-- Task instructions --
After finding the line with "Φανάρι εμπρός αριστερό" in the data below, set down exactly each line through the one with "Surestay Hotel By", inclusive, and stop there.

(Short web captions)
***

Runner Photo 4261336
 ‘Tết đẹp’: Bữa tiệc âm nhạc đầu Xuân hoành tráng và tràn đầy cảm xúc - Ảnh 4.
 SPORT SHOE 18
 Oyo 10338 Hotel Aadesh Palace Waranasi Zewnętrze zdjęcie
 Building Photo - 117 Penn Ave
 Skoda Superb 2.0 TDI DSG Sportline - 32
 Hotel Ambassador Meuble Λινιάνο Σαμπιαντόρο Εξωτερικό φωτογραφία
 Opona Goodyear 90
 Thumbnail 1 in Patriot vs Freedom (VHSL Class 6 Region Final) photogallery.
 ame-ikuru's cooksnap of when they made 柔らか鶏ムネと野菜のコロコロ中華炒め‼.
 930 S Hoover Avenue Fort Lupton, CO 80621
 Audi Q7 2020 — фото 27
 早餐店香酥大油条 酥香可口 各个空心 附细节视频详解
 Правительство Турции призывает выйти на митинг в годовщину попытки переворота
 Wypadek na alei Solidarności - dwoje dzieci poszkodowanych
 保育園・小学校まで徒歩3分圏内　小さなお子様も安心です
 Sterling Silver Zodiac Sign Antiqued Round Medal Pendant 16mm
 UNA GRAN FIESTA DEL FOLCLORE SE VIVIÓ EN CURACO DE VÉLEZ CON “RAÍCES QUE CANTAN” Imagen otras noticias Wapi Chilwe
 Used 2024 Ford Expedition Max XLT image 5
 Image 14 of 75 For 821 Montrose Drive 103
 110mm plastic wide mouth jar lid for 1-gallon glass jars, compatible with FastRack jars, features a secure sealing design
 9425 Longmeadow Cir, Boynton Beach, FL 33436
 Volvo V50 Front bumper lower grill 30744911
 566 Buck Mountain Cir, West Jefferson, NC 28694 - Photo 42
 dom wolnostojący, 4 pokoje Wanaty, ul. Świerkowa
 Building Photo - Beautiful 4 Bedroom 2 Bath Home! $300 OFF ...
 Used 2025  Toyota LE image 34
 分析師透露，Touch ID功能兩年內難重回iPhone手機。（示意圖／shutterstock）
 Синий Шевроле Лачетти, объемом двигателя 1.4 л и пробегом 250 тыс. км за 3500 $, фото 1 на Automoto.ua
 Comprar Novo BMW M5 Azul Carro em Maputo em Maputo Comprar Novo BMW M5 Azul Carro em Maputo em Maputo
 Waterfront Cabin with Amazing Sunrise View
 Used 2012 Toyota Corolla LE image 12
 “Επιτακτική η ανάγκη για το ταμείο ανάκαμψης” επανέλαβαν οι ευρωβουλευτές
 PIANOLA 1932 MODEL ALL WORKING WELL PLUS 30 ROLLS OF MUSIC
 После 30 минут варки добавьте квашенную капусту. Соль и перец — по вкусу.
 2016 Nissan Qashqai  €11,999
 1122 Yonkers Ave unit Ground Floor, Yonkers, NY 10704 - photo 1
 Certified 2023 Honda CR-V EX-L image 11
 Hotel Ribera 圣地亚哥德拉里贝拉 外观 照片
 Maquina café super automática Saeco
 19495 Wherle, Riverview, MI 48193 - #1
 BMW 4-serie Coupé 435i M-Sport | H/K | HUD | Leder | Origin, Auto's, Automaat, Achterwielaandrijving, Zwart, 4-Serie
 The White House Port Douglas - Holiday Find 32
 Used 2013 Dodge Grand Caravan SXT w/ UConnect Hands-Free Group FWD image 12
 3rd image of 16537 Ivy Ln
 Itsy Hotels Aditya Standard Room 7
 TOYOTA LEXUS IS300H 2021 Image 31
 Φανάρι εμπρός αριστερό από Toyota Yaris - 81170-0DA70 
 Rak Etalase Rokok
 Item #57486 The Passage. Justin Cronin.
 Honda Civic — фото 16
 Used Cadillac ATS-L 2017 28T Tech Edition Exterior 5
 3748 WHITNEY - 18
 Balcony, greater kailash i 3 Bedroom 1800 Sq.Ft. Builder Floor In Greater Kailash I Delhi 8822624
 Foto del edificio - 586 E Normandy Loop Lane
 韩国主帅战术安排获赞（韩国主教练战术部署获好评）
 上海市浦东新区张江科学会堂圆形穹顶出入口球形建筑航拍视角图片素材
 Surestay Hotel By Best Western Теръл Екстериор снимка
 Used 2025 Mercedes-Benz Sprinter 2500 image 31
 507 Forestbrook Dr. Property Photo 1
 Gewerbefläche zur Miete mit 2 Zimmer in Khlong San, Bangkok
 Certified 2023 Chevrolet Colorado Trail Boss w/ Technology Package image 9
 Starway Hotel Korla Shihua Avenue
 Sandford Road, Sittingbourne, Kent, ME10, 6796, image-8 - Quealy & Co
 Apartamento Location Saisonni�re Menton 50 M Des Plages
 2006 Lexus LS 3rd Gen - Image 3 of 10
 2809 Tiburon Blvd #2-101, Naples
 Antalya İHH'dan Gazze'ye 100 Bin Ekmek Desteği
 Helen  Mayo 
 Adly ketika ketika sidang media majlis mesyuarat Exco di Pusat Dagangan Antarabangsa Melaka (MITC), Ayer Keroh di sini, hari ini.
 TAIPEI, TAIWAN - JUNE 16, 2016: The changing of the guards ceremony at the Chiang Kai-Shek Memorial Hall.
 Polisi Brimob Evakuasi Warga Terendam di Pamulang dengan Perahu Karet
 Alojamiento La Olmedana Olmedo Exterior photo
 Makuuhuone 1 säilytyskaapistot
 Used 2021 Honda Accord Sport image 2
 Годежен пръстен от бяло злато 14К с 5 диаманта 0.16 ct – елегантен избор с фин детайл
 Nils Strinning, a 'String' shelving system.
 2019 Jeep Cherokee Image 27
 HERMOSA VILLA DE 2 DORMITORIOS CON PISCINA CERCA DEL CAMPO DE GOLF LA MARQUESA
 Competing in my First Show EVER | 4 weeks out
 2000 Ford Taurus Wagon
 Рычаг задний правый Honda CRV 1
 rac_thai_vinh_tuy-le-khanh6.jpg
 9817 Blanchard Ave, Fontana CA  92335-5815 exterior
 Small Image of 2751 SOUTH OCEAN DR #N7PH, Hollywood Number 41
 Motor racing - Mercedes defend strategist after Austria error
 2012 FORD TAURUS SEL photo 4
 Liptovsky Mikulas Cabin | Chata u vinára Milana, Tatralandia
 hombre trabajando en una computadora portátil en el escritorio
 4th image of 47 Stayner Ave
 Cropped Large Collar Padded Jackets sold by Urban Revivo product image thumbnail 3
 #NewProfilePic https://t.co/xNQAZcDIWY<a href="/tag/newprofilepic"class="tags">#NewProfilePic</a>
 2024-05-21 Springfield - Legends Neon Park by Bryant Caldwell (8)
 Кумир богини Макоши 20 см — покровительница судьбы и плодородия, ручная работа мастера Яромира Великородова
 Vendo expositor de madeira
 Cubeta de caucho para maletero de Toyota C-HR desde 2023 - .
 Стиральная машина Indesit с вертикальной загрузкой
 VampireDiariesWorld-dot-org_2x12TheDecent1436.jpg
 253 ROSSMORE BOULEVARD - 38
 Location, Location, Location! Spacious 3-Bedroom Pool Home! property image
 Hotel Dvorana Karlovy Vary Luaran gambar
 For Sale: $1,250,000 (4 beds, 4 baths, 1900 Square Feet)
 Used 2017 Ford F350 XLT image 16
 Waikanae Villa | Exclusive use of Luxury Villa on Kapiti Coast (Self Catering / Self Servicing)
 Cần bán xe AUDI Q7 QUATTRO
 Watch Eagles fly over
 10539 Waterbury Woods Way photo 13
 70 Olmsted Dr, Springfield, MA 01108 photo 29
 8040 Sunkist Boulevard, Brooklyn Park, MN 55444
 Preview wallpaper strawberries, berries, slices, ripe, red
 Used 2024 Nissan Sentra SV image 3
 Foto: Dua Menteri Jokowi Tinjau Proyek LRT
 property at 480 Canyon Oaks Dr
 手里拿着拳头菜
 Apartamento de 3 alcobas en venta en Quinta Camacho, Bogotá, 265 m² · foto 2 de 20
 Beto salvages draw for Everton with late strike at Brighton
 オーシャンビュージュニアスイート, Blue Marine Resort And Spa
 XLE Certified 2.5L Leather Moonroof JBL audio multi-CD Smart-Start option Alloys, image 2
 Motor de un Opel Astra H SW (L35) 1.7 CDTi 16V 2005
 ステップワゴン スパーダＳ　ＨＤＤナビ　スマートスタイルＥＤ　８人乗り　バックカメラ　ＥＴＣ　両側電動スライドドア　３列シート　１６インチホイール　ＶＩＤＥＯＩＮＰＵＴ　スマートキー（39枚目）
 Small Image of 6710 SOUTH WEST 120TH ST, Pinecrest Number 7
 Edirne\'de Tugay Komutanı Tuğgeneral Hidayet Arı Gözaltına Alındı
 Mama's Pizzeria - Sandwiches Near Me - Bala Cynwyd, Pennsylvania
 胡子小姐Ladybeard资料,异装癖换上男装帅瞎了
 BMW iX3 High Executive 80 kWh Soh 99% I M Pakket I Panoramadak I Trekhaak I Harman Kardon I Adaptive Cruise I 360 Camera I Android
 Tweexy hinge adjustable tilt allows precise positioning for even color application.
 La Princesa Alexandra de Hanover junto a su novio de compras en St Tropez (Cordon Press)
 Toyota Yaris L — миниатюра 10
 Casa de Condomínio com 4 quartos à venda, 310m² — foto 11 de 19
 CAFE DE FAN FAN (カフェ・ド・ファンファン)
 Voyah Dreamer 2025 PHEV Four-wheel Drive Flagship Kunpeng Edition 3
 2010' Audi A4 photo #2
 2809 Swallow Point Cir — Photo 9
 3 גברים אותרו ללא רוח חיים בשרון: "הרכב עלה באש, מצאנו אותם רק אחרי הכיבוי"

***

-- Exercise answer --
 Φανάρι εμπρός αριστερό από Toyota Yaris - 81170-0DA70 
 Rak Etalase Rokok
 Item #57486 The Passage. Justin Cronin.
 Honda Civic — фото 16
 Used Cadillac ATS-L 2017 28T Tech Edition Exterior 5
 3748 WHITNEY - 18
 Balcony, greater kailash i 3 Bedroom 1800 Sq.Ft. Builder Floor In Greater Kailash I Delhi 8822624
 Foto del edificio - 586 E Normandy Loop Lane
 韩国主帅战术安排获赞（韩国主教练战术部署获好评）
 上海市浦东新区张江科学会堂圆形穹顶出入口球形建筑航拍视角图片素材
 Surestay Hotel By Best Western Теръл Екстериор снимка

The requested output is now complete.